▸ **Exercise requirements**: Word for word, restate each entry that appears below.

[Supplied material — start]

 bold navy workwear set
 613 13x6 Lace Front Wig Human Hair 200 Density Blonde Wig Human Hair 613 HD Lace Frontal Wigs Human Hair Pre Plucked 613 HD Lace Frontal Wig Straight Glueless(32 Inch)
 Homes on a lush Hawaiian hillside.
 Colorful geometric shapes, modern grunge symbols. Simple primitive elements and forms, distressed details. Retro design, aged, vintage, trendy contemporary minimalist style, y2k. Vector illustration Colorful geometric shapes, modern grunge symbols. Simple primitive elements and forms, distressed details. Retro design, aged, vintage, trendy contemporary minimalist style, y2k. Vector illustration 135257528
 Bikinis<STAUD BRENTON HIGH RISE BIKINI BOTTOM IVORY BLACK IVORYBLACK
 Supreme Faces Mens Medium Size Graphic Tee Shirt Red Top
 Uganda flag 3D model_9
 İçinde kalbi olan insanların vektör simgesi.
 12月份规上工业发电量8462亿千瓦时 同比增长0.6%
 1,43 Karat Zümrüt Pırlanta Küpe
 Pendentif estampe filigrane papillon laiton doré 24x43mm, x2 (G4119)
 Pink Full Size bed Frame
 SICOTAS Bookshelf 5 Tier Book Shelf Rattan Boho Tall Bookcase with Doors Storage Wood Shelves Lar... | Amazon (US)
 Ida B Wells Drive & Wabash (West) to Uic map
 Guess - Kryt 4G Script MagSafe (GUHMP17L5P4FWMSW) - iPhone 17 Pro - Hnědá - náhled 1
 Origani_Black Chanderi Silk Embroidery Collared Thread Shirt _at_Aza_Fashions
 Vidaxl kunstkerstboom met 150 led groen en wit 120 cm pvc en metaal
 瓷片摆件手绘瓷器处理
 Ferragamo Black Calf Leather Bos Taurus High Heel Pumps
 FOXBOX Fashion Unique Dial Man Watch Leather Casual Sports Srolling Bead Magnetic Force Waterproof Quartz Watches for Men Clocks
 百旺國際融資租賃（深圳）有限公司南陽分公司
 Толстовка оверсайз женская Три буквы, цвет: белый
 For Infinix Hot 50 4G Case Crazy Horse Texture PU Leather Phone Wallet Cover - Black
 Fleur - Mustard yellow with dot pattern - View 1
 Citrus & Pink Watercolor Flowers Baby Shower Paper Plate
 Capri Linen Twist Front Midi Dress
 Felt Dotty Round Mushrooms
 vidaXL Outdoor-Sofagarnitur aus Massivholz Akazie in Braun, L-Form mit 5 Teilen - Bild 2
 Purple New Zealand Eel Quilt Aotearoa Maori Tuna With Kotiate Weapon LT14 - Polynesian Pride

[Supplied material — finish]

▸ **Answer to the problem**:
 bold navy workwear set
 613 13x6 Lace Front Wig Human Hair 200 Density Blonde Wig Human Hair 613 HD Lace Frontal Wigs Human Hair Pre Plucked 613 HD Lace Frontal Wig Straight Glueless(32 Inch)
 Homes on a lush Hawaiian hillside.
 Colorful geometric shapes, modern grunge symbols. Simple primitive elements and forms, distressed details. Retro design, aged, vintage, trendy contemporary minimalist style, y2k. Vector illustration Colorful geometric shapes, modern grunge symbols. Simple primitive elements and forms, distressed details. Retro design, aged, vintage, trendy contemporary minimalist style, y2k. Vector illustration 135257528
 Bikinis<STAUD BRENTON HIGH RISE BIKINI BOTTOM IVORY BLACK IVORYBLACK
 Supreme Faces Mens Medium Size Graphic Tee Shirt Red Top
 Uganda flag 3D model_9
 İçinde kalbi olan insanların vektör simgesi.
 12月份规上工业发电量8462亿千瓦时 同比增长0.6%
 1,43 Karat Zümrüt Pırlanta Küpe
 Pendentif estampe filigrane papillon laiton doré 24x43mm, x2 (G4119)
 Pink Full Size bed Frame
 SICOTAS Bookshelf 5 Tier Book Shelf Rattan Boho Tall Bookcase with Doors Storage Wood Shelves Lar... | Amazon (US)
 Ida B Wells Drive & Wabash (West) to Uic map
 Guess - Kryt 4G Script MagSafe (GUHMP17L5P4FWMSW) - iPhone 17 Pro - Hnědá - náhled 1
 Origani_Black Chanderi Silk Embroidery Collared Thread Shirt _at_Aza_Fashions
 Vidaxl kunstkerstboom met 150 led groen en wit 120 cm pvc en metaal
 瓷片摆件手绘瓷器处理
 Ferragamo Black Calf Leather Bos Taurus High Heel Pumps
 FOXBOX Fashion Unique Dial Man Watch Leather Casual Sports Srolling Bead Magnetic Force Waterproof Quartz Watches for Men Clocks
 百旺國際融資租賃（深圳）有限公司南陽分公司
 Толстовка оверсайз женская Три буквы, цвет: белый
 For Infinix Hot 50 4G Case Crazy Horse Texture PU Leather Phone Wallet Cover - Black
 Fleur - Mustard yellow with dot pattern - View 1
 Citrus & Pink Watercolor Flowers Baby Shower Paper Plate
 Capri Linen Twist Front Midi Dress
 Felt Dotty Round Mushrooms
 vidaXL Outdoor-Sofagarnitur aus Massivholz Akazie in Braun, L-Form mit 5 Teilen - Bild 2
 Purple New Zealand Eel Quilt Aotearoa Maori Tuna With Kotiate Weapon LT14 - Polynesian Pride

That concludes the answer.